Undergrad Wednesdays – How to be a Good Anglo-Saxon King, according to King Alfred

[This post was written in the spring 2018 semester in response to Maj-Britt Frenze’s prompt for her course on “Tolkien’s Myths and Monsters.”]

“Oh, King, eh, very nice. And how d’you get that, eh? By exploiting the workers! By ‘anging on to outdated imperialist dogma which perpetuates the economic and social differences in our society.” -Dennis, the constitutional peasant, Monty Python and the Holy Grail.

In the above quote from Monty Python’s classic comedy, Dennis berates King Arthur for his alleged systematic oppression of the proletariat, but, at the same time, raising the question of what makes a good political leader. What lessons could Arthur learn about how to properly govern his subjects, even those who think they are part of an anarcho-syndicalist collective?

The fictional Arthur, living in 963, according to the film, could actually take advice from someone who lived roughly a hundred years before him in real life: Alfred of Wessex.
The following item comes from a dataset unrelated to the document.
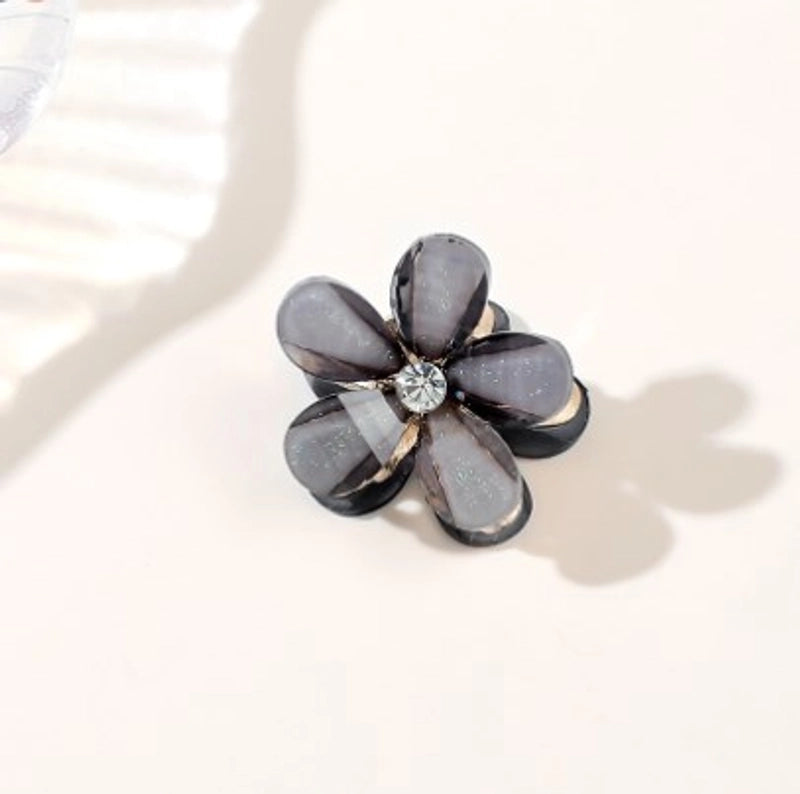 Women’s Sweet Minimalist Flower Metal Inlay Resin Rhinestones Pearl Hair Claws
During his reign, King Alfred embarked on a massive venture of translating Latin texts into Old English, “so that he could / send them to his bishops, because some of them /who knew very little Latin needed it” (Alfred, Verse Prologue to the Old English Pastoral Care, 14-16). As a part of his translation efforts, Alfred translated Boethius’ Consolation of Philosophy, albeit, his definition of translation was understood much more loosely than our standards of translation today. Rather than simply translate Boethius’ work word for word, Alfred instead opted to insert his own thoughts and ideas into the text, modifying and editing it in accord with his own, Anglo-Saxon worldview.

Among the many topics Alfred discusses in his own rendition of Boethius’ summary of Late Roman philosophy is what a king must do in order to govern effectively. First and foremost, he must have the right materials because these will enable the king to exercise his skill of ruling. Regardless of whether he had good skills at ruling or not, his effort would be wasted if he did not have people to rule. Wisdom, the literary Boethius’ allegorical interlocutor, instructs him that a king would need three types of people in order for a kingdom to be run effectively, namely, “prayer men and army men and workmen” (Alfred, P9.2). Furthermore, he must see that they have the supplies to attend to their needs. In order to govern effectively, a king needs all three of these, but how well does Monty Python’s fictionalized Arthur stack up?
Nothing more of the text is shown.